Each line from the one containing "Langarmshirt aus reiner" to the end of the entries below is to be set down exactly; the pictures are not.

Segment Start: Material supplied

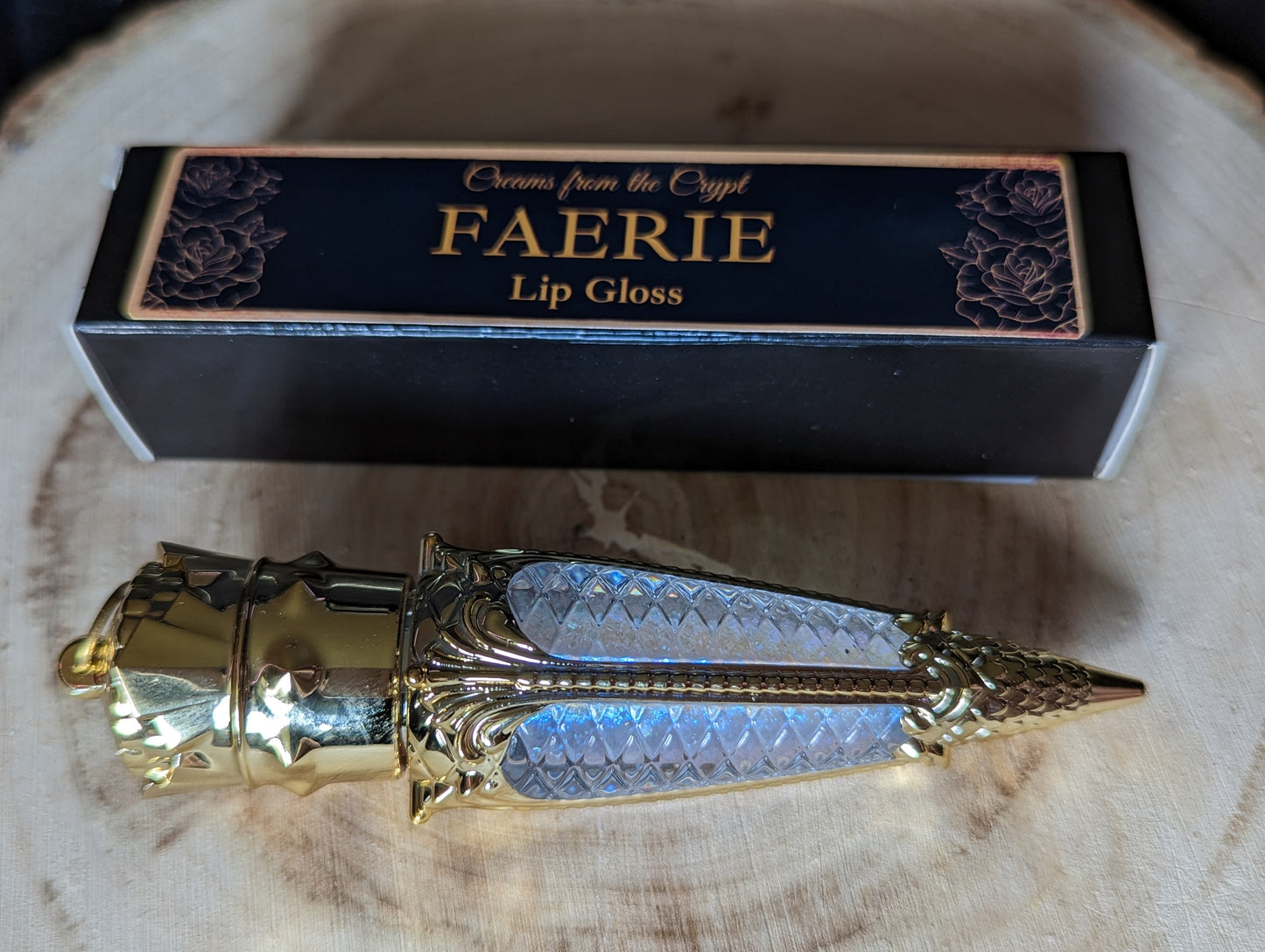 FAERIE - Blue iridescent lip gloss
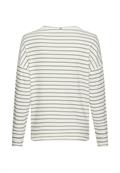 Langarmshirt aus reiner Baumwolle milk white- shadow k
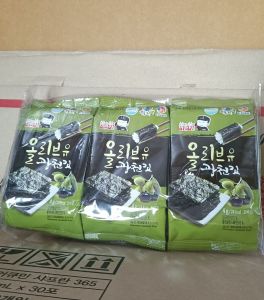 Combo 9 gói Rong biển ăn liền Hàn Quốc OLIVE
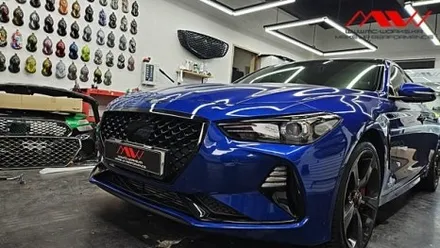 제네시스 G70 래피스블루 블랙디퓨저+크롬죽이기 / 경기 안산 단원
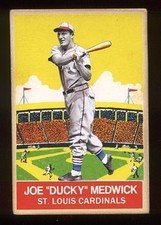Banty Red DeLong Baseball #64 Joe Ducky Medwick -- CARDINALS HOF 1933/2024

Segment End: Material supplied

* [Reply to the task]
 Langarmshirt aus reiner Baumwolle milk white- shadow k
 Combo 9 gói Rong biển ăn liền Hàn Quốc OLIVE
 제네시스 G70 래피스블루 블랙디퓨저+크롬죽이기 / 경기 안산 단원
Banty Red DeLong Baseball #64 Joe Ducky Medwick -- CARDINALS HOF 1933/2024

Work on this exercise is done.